When they reached the singing of the litany of the saints, they began the procession that led them several hundred yards down the street to Dominican Minor Basilica of Saint Sabina. There, the Pope presided over the rest of the Mass.
Through the imposition of the ashes on the first day of Lent, “we undertake to convert our hearts to the horizons of grace,” the Pope said during his homily.
He spoke of Lent not as a time of sadness, but instead as “a precious gift of God and a time of strength and full of significance in the journey of the Church.
“It is the road to the Lord's Passover,” he said.
Pope Benedict explained that the day's readings called for full conversion, “not a superficial and transient conversion, but a spiritual journey that covers in depth the attitudes of conscience and presupposes a sincere act of repentance.”
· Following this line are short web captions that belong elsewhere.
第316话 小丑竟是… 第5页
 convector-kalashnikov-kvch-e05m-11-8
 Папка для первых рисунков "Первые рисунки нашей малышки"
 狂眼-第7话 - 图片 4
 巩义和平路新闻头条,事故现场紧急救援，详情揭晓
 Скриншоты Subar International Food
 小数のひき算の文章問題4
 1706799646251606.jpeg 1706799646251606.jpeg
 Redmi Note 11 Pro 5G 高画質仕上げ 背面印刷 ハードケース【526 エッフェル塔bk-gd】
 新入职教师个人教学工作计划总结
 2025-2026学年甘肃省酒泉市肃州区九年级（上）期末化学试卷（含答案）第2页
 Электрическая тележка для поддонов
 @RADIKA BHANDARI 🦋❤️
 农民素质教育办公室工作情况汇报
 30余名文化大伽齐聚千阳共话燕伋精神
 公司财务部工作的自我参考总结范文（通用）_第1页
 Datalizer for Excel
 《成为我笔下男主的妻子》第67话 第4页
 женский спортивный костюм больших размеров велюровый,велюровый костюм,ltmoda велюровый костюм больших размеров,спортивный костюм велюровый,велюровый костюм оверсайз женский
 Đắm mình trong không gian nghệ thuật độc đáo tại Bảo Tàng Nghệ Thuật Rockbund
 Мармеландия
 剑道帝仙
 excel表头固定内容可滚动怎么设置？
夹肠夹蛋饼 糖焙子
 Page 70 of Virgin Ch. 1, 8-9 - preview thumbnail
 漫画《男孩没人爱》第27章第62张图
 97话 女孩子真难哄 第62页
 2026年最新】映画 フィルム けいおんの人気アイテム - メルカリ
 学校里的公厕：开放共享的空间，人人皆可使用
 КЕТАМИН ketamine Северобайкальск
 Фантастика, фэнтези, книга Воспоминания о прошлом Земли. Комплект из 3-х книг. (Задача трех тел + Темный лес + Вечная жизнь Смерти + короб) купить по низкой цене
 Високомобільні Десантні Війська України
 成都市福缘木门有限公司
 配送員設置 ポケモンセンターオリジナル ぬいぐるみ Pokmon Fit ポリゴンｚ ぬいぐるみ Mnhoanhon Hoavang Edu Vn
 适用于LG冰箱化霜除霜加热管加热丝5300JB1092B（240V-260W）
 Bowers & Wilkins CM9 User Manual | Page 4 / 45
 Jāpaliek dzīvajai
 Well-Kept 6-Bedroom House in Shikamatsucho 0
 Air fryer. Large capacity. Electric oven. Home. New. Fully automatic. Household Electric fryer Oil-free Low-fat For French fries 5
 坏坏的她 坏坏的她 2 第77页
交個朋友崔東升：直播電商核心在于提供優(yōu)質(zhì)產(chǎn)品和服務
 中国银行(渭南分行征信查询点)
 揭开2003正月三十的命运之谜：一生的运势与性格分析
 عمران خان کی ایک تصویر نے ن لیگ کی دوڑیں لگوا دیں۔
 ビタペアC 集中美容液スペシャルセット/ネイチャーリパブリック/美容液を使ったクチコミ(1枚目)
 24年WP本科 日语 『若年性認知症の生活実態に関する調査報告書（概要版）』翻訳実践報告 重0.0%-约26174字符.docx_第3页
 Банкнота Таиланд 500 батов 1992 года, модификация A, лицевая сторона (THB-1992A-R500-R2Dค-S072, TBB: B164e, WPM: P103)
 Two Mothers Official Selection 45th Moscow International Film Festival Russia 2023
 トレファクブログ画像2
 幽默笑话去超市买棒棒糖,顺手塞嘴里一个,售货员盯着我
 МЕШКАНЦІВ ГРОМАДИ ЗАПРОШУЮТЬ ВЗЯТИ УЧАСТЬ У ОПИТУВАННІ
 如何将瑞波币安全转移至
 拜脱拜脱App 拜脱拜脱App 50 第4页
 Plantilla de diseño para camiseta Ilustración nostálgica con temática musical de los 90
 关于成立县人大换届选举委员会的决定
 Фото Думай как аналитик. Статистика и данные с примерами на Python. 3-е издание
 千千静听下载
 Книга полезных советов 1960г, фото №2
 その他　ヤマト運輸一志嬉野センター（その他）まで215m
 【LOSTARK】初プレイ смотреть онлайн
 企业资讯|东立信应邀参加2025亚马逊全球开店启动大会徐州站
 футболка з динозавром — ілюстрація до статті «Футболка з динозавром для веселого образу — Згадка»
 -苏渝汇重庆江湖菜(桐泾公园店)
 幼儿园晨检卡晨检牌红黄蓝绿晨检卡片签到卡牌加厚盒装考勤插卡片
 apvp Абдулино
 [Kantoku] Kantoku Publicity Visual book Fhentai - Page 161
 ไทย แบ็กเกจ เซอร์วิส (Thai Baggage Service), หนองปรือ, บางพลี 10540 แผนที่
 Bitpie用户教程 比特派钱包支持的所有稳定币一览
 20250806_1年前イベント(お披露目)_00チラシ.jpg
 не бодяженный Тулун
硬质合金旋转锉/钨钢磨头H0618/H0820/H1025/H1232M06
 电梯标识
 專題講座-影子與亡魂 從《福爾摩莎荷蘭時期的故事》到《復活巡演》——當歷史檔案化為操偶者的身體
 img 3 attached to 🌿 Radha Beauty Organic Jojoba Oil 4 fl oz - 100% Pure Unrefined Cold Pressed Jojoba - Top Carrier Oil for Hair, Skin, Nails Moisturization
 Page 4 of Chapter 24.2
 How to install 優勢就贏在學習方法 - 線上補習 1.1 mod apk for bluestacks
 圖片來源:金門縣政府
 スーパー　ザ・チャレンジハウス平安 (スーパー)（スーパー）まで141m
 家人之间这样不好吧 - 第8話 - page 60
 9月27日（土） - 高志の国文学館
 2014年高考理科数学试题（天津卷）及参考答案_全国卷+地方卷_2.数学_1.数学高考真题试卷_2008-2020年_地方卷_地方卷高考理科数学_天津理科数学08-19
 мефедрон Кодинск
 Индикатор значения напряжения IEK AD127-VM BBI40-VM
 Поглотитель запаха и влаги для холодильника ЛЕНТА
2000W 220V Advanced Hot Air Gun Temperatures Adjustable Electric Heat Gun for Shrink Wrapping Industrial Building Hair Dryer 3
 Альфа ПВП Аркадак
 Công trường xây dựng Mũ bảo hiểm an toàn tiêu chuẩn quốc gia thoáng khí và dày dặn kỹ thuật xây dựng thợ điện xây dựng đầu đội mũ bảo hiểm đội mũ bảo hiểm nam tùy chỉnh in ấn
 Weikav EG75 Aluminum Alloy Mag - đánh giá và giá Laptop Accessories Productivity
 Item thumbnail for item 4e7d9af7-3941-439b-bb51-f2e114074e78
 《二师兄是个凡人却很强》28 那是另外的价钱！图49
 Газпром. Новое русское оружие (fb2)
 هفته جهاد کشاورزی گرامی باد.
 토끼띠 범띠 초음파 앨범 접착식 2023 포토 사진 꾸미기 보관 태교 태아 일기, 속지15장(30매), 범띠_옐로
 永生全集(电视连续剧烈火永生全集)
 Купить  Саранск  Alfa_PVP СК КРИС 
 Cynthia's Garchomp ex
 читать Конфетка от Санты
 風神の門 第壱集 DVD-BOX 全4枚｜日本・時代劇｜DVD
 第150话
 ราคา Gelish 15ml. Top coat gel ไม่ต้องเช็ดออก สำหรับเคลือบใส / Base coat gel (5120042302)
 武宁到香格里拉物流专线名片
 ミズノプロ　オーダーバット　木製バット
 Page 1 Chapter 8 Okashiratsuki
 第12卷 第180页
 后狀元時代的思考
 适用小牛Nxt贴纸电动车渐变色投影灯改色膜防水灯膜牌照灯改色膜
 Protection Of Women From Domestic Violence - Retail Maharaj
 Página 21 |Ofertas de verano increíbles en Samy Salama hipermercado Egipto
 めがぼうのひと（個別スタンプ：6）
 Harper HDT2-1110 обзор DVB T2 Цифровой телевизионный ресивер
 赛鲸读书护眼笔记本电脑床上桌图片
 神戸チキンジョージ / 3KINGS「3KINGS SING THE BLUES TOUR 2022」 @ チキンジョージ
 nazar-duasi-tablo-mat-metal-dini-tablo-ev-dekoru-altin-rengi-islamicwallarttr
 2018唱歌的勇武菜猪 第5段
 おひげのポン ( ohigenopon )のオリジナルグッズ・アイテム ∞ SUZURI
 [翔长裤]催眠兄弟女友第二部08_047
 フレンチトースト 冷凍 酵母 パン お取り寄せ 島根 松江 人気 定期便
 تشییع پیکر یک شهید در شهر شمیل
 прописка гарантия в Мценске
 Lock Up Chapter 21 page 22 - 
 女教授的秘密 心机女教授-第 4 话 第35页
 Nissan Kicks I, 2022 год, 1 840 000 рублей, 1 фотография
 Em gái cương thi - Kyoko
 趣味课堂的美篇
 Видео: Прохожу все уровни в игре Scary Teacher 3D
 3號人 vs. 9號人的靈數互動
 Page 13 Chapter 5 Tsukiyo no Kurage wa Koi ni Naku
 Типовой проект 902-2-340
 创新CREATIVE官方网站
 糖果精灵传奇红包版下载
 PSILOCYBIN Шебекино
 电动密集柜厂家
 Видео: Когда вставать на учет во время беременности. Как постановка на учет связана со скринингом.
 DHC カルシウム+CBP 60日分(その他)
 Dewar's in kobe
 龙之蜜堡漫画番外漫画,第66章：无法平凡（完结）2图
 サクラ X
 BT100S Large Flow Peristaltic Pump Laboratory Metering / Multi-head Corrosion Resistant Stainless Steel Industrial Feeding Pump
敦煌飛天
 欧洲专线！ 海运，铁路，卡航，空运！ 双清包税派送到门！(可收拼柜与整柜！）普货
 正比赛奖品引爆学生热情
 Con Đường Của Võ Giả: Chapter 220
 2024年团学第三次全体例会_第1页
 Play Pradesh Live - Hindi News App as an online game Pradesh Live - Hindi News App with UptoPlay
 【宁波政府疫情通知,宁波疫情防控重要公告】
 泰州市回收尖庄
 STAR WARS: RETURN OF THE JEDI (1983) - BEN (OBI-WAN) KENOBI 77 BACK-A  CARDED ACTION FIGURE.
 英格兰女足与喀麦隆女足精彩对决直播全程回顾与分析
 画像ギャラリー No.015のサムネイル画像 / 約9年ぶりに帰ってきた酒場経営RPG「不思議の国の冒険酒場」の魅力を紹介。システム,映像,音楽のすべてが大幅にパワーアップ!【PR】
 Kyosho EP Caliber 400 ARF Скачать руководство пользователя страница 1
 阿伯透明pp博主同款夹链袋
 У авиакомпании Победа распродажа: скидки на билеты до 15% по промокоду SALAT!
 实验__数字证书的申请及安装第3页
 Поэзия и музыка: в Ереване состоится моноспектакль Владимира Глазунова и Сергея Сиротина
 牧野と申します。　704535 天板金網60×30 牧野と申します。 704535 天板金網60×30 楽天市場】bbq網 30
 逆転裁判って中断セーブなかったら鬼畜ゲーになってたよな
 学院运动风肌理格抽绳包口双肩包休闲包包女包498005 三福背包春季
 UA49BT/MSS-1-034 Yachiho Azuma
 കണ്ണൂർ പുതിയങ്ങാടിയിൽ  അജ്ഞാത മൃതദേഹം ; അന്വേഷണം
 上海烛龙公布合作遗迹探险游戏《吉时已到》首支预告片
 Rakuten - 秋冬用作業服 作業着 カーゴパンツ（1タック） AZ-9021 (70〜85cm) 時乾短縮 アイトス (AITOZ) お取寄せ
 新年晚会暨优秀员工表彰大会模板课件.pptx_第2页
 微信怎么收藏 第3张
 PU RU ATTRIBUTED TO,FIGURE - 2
There is a call for an attitude of genuine conversion, a return to God through the recognition of his holiness, power and majesty, he explained. “And this conversion is possible because God is rich in mercy and love.”
Converting is not only a “human task,” he explained, calling it “the movement of a contrite heart attracted and moved by grace to respond to the merciful love of God who loved us first.”
The Christian witness makes believers into a “living message,” Pope Benedict said, adding that “in many cases we are the only Gospel that people today still read.”
Another reason to live Lent to the fullest is the Christian responsibility “to offer a living witness of faith in a troubled world that needs to return to God, a world which needs conversion,” he said.
The Pope closed with an additional call to Christians to live this time with trust and joy.
Lent, he said, “is a powerful time in the liturgical year, and it is a special time that is given to us to look, with greater commitment, to our conversion, to listen more attentively to the Word of God, a time for prayer and penance – of opening our hearts to the workings of Divine will, for a more generous practice of mortification, thanks to which we can be more attentive to neighbors in need.”